Apple quietly building extensive new networks capable of delivering vast amounts of content to customers

“Apple Inc. is stitching together a network of Internet infrastructure capable of delivering large amounts of content to customers, giving the company more control over the distribution of its online offerings while laying the groundwork for more traffic if it decides to move deeper into television,” Drew Fitzgerald and Daisuke Wakabayashi report for The Wall Street Journal. “Apple’s online delivery needs have grown in the last few years, driven by its iCloud service for storing users’ data and rising sales of music, videos and games from iTunes and the App Store. But the iPhone maker is reported to have broader ambitions for television that could involve expanding its Apple TV product or building its own television set.”

“Snapping up Internet infrastructure supports all those pursuits at once. Apple is signing long-term deals to lock up bandwidth and hiring more networking experts,” Fitzgerald and Wakabayashi report. “Bill Norton, chief strategy officer for International Internet Exchange, which helps companies line up Internet traffic agreements, estimates that Apple has in a short time bought enough bandwidth from Web carriers to move hundreds of gigabits of data each second. ‘That’s the starting point for a very, very big network,’ Mr. Norton said.”

“The company’s need for bandwidth and supporting infrastructure will grow if it moves further into television. Apple Chief Executive Tim Cook has said improving the TV viewing experience is an area of interest for the company and that it has a “great vision” for television,” Fitzgerald and Wakabayashi report. “On a conference call last week to discuss its latest earnings with analysts, Mr. Cook said Apple is on track to break into new product categories this year, fueling speculation about a new television or revamped video service.”
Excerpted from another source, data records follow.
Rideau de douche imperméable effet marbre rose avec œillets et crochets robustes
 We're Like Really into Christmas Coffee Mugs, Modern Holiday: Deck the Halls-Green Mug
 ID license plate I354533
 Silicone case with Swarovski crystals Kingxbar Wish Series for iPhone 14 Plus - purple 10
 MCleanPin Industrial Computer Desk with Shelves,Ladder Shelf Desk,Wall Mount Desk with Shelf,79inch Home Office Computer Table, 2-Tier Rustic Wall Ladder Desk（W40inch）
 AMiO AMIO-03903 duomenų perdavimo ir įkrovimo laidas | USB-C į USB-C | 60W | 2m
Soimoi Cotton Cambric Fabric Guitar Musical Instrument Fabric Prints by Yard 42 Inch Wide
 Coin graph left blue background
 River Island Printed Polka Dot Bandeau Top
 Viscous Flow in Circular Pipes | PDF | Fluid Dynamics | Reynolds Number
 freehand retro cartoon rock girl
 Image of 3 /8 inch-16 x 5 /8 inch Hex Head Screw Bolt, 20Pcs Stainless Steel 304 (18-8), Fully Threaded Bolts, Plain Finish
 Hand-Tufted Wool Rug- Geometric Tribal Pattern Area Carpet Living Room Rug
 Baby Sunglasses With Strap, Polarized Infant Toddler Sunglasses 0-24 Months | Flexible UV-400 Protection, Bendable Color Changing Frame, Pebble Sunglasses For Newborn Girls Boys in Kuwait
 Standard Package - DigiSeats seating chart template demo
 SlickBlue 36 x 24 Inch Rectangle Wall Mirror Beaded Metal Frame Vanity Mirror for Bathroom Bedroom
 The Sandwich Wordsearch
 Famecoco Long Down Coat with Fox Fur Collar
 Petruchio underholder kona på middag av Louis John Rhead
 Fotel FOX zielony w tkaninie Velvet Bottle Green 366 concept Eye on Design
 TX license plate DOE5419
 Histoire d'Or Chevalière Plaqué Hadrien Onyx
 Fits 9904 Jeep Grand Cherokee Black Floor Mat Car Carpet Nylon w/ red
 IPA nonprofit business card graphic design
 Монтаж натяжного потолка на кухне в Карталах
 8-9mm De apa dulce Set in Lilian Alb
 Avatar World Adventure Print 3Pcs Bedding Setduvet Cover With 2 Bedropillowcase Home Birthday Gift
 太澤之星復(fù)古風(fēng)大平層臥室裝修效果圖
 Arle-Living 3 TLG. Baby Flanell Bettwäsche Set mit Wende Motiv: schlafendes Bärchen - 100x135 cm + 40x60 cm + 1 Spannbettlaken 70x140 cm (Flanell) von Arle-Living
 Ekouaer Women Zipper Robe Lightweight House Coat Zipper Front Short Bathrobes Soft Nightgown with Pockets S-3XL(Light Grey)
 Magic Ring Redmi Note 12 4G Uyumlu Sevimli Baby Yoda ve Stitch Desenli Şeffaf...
Much more in the full article here.

MacDailyNews Take: One of the main problems with Apple TV, right now, is the cable company’s modem (and God knows what throttling) and/or convoluted Internet routing that sometimes causes Apple TV content to stop playing in the middle of a movie or TV show (usually prompting some people in the room to incorrectly blame Apple and/or the Apple TV unit).

30 Comments

  1. There hasn’t yet been a proper explanation of what those huge server farms are for.

    This looks like another classic example of Apple quietly putting all the ducks in a row before announcing something really big.

    1. I really hope this is the case. I figured they would use some form of satellite to get their foot in the door. Putting cable to everyone’s door seems like an impossible task for Apple, but hopefully we find out soon.

    2. Could be, although why do one after the other doesn’t make sense. Unless they are growing the network of server farms to support existing applications whilst including additional capacity for the next new thing.
      Dumb pipe throughput is still going to be an issue. The cable companies hold us by the goalies at the moment.

      1. At the moment and for the moment only…Apple will definitely ensure with time and steady development pace, that it’s customers get the best performance and aren’t choke held by the dumb pipes of old.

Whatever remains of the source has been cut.